井関 いえ、今回は特に大きな変更はしていません。『カルメン』は、『ホフマン物語』(2010年)に続く「劇的舞踊」のシリーズで、2014年に Noism設立10周年を記念して上演されました。2016年6月に上演する新作『ラ・バヤデール』(仮)へ続く作品として、みなさんにぜひ観に来ていただきたいと思います。Noismの場合既存の作品は、改訂版として上演することが多いのですが、『カルメン』は特に細部までとても充実した作品ですので、今回は改訂せず純粋に再演として上演します。しかし再演でも時間を十分にとり、舞踊家の身体、演劇性の細部を詰める作業をしています。初演のときにはなかなか気づかない些細なことまで、メンバー一人一人が責任を持ち、ただの出演者にならぬよう、すべての役に意味と意義を持って行こうと取り組んでいます。私も初演の時は、踊ることに必死だったので、 200%の力を振り絞った感覚でしたが、今はより客観的にカルメンという女性像を見ることが出来、作品の中で波が持てるようになりました。今は心からこの作品を踊ることを楽しんでいます。こんな感覚は初めてです。再演では、より深みを増したカルメンをご覧いただけると思います。

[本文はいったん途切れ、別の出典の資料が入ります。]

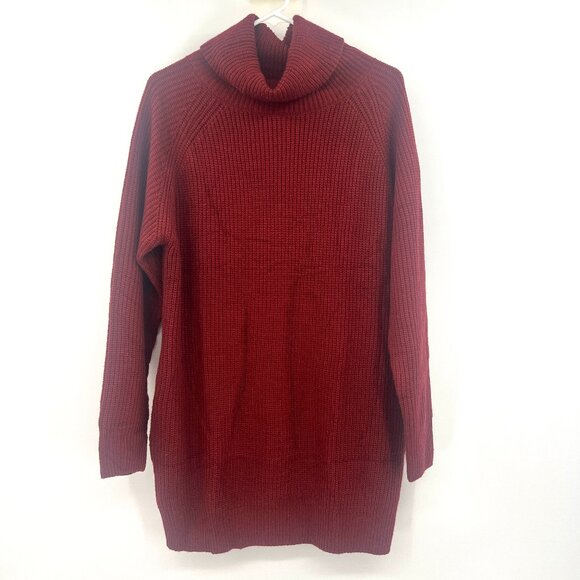 Burgundy Chunky Knit Cowl Neck Tunic Sweater with Pockets Women's Medium - Picture 1 of 3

-----カルメンの後は“劇的舞踊”シリーズの新作が続くのですよね?

井関 はい、次は『ラ・バヤデール ‐東洋の幻』(仮)です。バレエ音楽である「バヤデール」を原作に平田オリザさんに脚色をして書いていただきました。今、振付のワークショップを進めているところです。

----それはまた、興味深いですね。

井関 「東洋の幻」というサブタイトルが付けらていますが、『ラ・バヤデール』というのもまだ仮題です。同名のバレエの名作がありますが、翻案されていて、設定も変わり役名も変わります。この公演には舞踊家の他に俳優が3人参加する予定です。『カルメン』で初めてゲスト俳優をお迎えして舞踊 ×演劇の作品に取り組みましたが、『バヤデール』はそこからさらに踏み込んで、台詞を話す人が 3人になります。カルメンよりも更に近い距離で、言葉と身体が混ざり合う。とても簡単なことだとは思えないのですが、そこの隔たりをどのように融和させていけるか本当に楽しみです。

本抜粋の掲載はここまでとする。